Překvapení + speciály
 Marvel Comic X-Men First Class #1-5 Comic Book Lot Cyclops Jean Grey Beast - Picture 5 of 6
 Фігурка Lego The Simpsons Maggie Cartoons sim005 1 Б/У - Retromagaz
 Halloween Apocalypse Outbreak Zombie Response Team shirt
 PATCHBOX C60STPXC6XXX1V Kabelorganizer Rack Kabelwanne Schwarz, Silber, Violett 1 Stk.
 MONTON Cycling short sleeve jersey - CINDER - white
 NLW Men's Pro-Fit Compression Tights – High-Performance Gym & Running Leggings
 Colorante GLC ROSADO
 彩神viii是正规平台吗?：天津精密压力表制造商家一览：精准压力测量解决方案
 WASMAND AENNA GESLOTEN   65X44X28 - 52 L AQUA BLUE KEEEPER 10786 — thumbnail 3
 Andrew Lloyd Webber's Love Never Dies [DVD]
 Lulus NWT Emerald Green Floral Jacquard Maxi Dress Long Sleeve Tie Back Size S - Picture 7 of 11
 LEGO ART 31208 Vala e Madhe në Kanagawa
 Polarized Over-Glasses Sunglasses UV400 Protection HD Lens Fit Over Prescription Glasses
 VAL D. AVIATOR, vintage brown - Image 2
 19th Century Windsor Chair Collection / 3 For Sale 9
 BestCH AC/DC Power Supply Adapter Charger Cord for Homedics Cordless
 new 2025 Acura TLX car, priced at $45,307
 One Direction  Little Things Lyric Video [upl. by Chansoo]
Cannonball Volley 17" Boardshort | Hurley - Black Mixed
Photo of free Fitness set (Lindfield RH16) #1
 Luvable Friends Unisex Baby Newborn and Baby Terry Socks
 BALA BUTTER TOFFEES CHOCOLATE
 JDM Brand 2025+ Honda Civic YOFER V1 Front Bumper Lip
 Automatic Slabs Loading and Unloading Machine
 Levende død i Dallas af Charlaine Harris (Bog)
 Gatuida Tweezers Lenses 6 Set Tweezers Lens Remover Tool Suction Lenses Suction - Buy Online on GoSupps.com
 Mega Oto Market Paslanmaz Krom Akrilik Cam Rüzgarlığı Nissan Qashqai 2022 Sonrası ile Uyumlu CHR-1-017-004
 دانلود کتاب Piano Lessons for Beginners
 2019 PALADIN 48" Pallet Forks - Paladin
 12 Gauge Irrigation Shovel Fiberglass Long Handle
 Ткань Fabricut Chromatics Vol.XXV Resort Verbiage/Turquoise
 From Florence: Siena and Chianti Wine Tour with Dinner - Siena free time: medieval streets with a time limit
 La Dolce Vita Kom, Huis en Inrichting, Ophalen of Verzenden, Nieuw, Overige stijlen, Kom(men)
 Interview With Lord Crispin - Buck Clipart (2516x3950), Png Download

AIM OF THE EXERCISE: Provide every line from the material that contains the word "Picture".

TASK OUTPUT:
 Marvel Comic X-Men First Class #1-5 Comic Book Lot Cyclops Jean Grey Beast - Picture 5 of 6
 Lulus NWT Emerald Green Floral Jacquard Maxi Dress Long Sleeve Tie Back Size S - Picture 7 of 11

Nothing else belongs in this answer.